Released on Oct. 19, this movie was, without a doubt, one of the most horrendous adaptations of a book I have ever seen. Netflix took an epic middle grade novel and turned it into a “My Little Pony” knockoff no one needed, while taking away any realistic aspect the characters had. 

The book follows two girls, blonde-haired dreamer Sophie (Sophia Anne Caruso) and greasy, depressed Agatha (Sofia Wylie), as they are kidnapped and taken to Sophie’s dream place, the School for Good and Evil. Only, Agatha gets put in the school for good and Sophie gets dropped into the school for evil. Outcasts from their respective schools, the two girls try to join together in hopes of switching or getting out of the magical world entirely. 

While the movie stuck to the basic plot idea, it took away parts of the book that really made it shine. It’s hard to find a young adult novel with more than skin-deep characters, and yet this middle grade series showed depth to every character in the main cast. Netflix threw it all away, making Sophie do a 180 in her character traits and taking away everything that made fans love Agatha. 

Another significant plot point of the series — most notably in the first book — was Tedros (Jamie Flatters), the teenage son of King Arthur who both girls thought was their true love at one point or another. Instead of allowing him to be the plot-moving character he was, Netflix got rid of everything that made him likable. Gone was the banter between Tedros and Agatha, and the chemistry between Sophie and him seemed forced.
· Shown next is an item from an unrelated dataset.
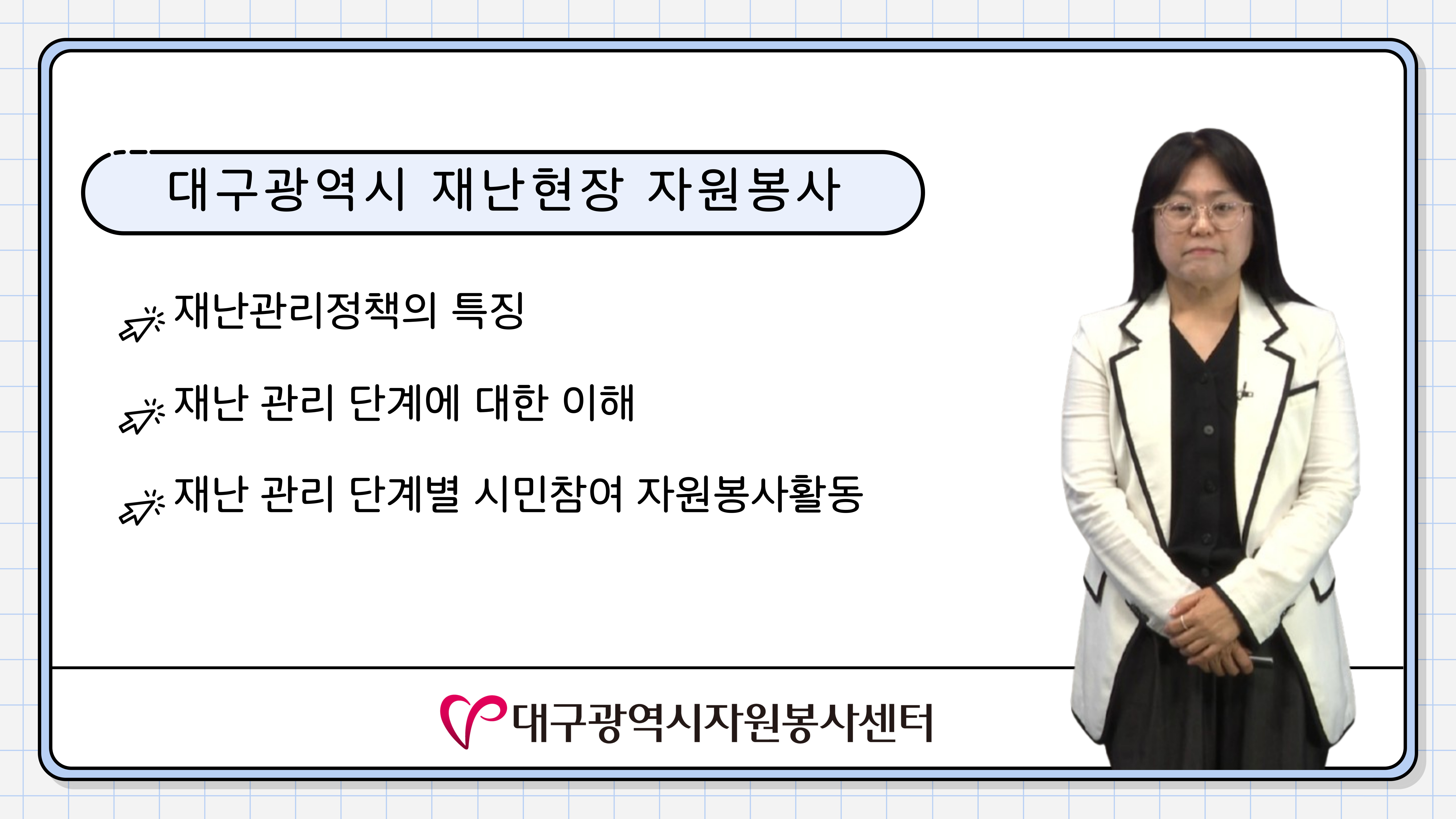 �뱸������ �糭���� �ڿ����� ������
Then, after being gone for some of his most crucial moments, he popped up again to remind us he existed and express his undying love in the most cringy way possible.

Of course, as though the movie wasn’t already awful, there were the “power of friendship” lines that made me gag. Netflix shoved the theme down viewers’ throats instead of letting them figure it out for themselves. 
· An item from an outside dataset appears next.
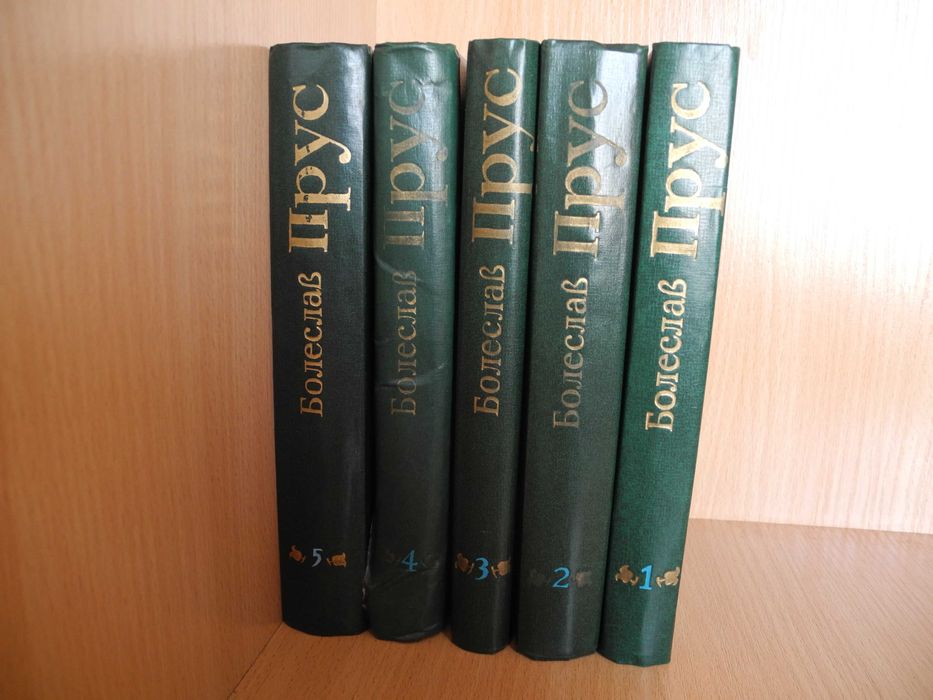 Б. Прус. Твори в 5 томах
Honestly, Netflix has never been stupider. The company could have another big success on its hands if the writers read more than a Wikipedia summary online. 

This movie made me doubt every memory I had of the beloved series, so I spent my weekend binge-reading all the books in the series — only to find them just as good as I remembered. While there were some accurate parts toward the beginning of the movie, Netflix took pieces of my childhood and delivered disappointment when the two and a half hours were over.